土地区画整理法 行政権力 大和ハウス工業本社 との 小さな闘い
静岡県袋井市での土地(農地)を守る闘いを、議員となって4年間継続している。今年で5年目になる。極めて厳しい状況にあるが、私有財産を守り、農民の権利を守り、水害から住民を守るために、困難な闘いをしている。
経過を1月22日に市内全域に新聞折り込みで配布した「竹ちゃんの市政便り」を引用して説明します。
【 大和ハウス工業の工場移転のため、土橋工業用地開発計画を、土地区画整理事業で進めようとしている問題点 】
- 予定地のほぼ真ん中に水田を所有し米作りをされておられる地権者を無視して事業を進めようとしている.②県企業局が断念した計画を、土地区画整理事業で進めようとしているが、民間企業の工場用地整備にこの手法は使うのは無理がある。公共事業でないから不同意地権者の土地を強制収用できない。③13ヘクタール以上の水田を埋め立てると、下流域の木原地区が道路冠水や床下浸水被害の恐れがある。④大和ハウス工業は、現在の自社所有地で問題なく操業しており、工場建て替えは現敷地内で実施可能。
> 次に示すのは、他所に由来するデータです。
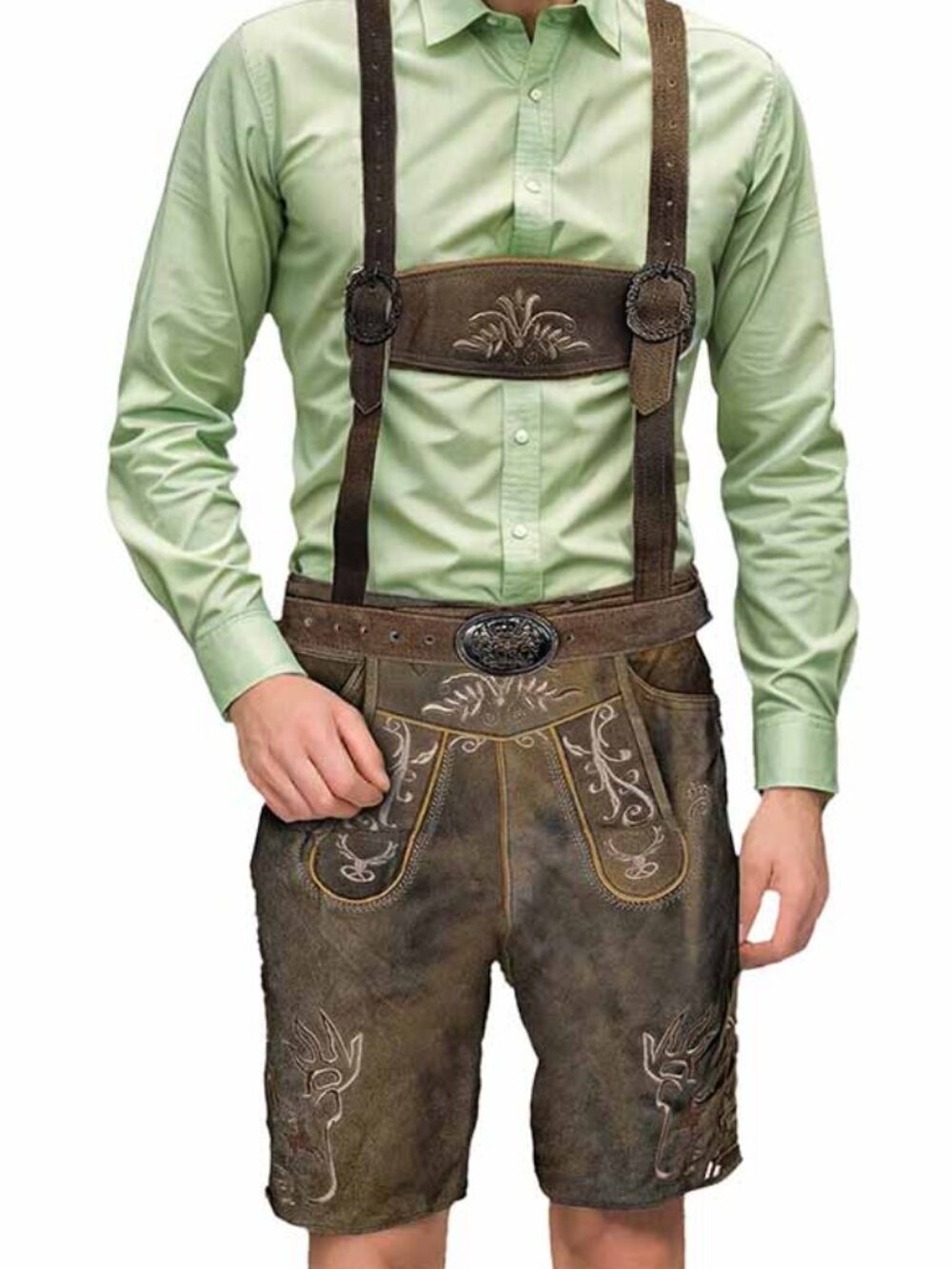 Men’s Lederhosen Costume Oktoberfest Bavarian German Outfit Traditional Brown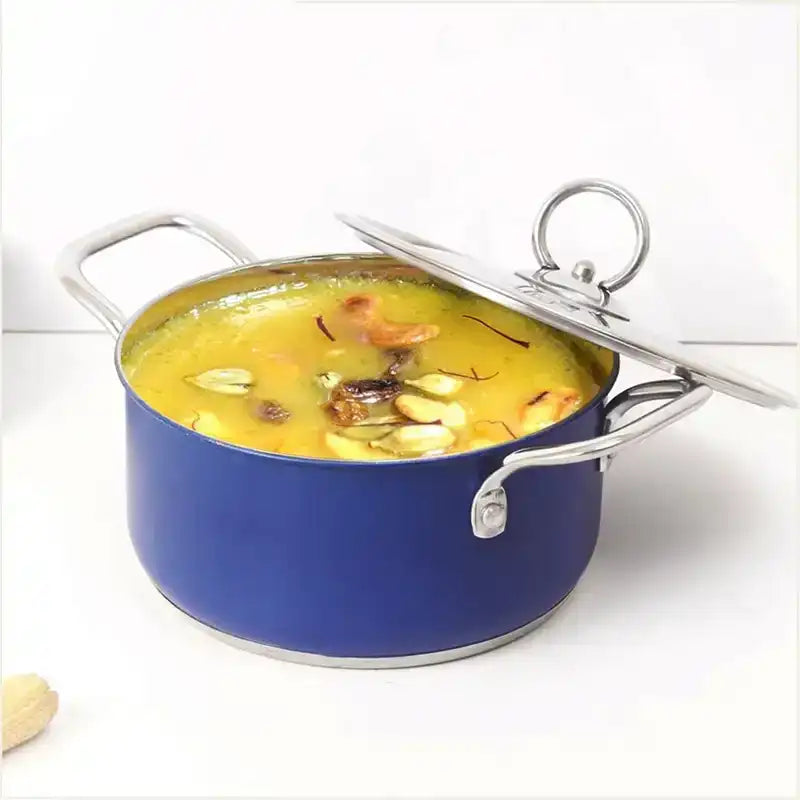 Tri-Steel Premium Stainless Steel Casserole/ Saucepot with Steel Lid, Tri-ply (3 Layer) Induction Bottom, 1.9L, Blue - Image 13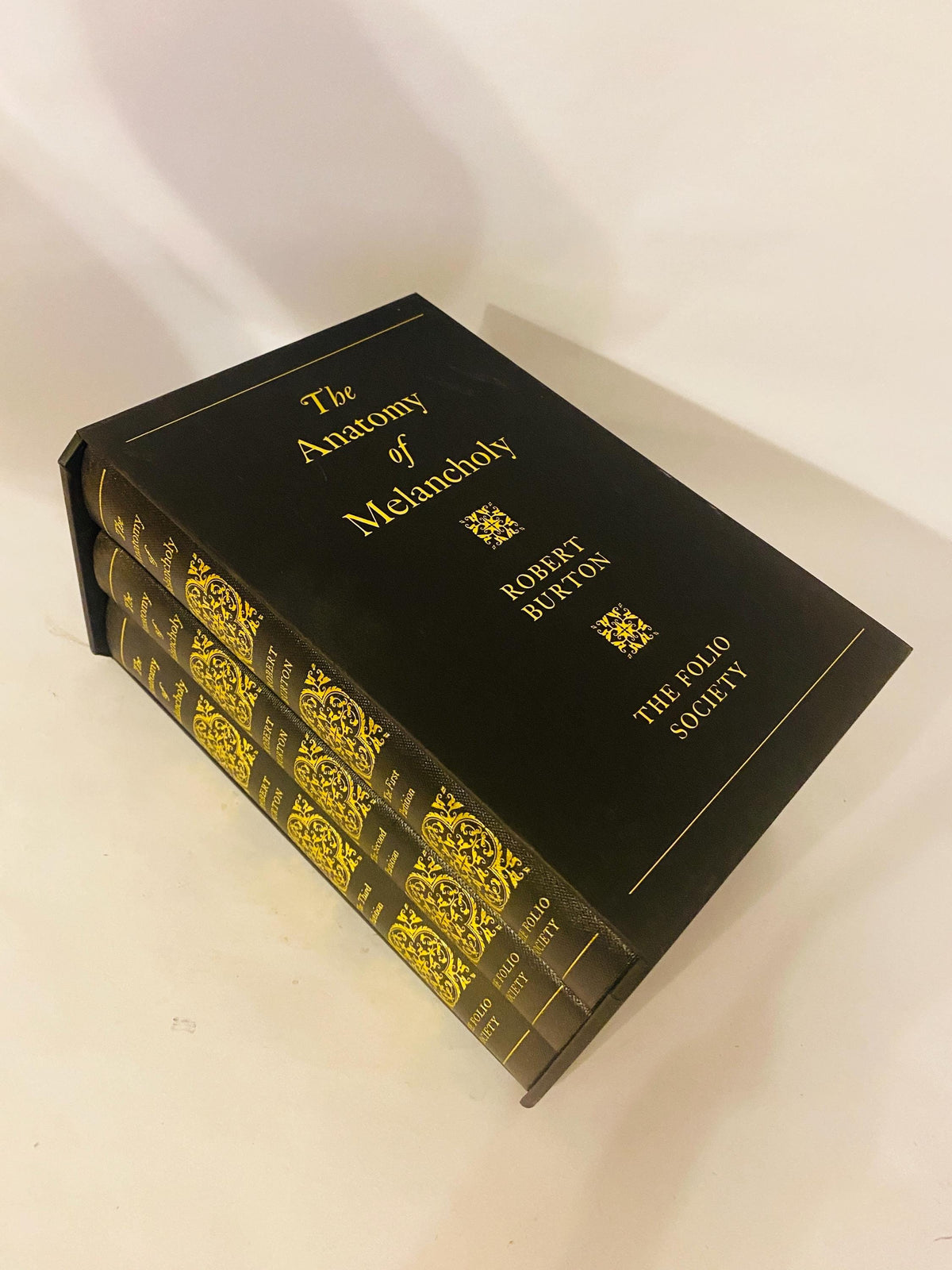 Anatomy of Melancholy Robert Burton Folio Society 3 Volume Set vintage books Marbled Boards Philip Pullman Medicine Physician. Doctor gift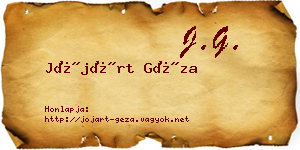 Jójárt Géza névjegykártya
単なる工場移転は、新規事業者の進出でないので、袋井市への財政的貢献は、現在と変わらない。⑤土橋地区の埋めたて予定地に近い住民にとり、景観や風の流れが悪くなり、環境が悪くなる。⑥予定地の水田は、農業振興地域であったが、その指定除外を地権者・耕作者に知らせずに行った。⑦農地転用を、転用を望まない地権者を無視して行った。
*私は以前からこの事業を問題視し、議会一般質問でも度々取り上げています。地権者に寄り添い、農業と農地を守っての食料安保・水害防止の観点からもこの事業に反対し、事業の断念を求めていきます。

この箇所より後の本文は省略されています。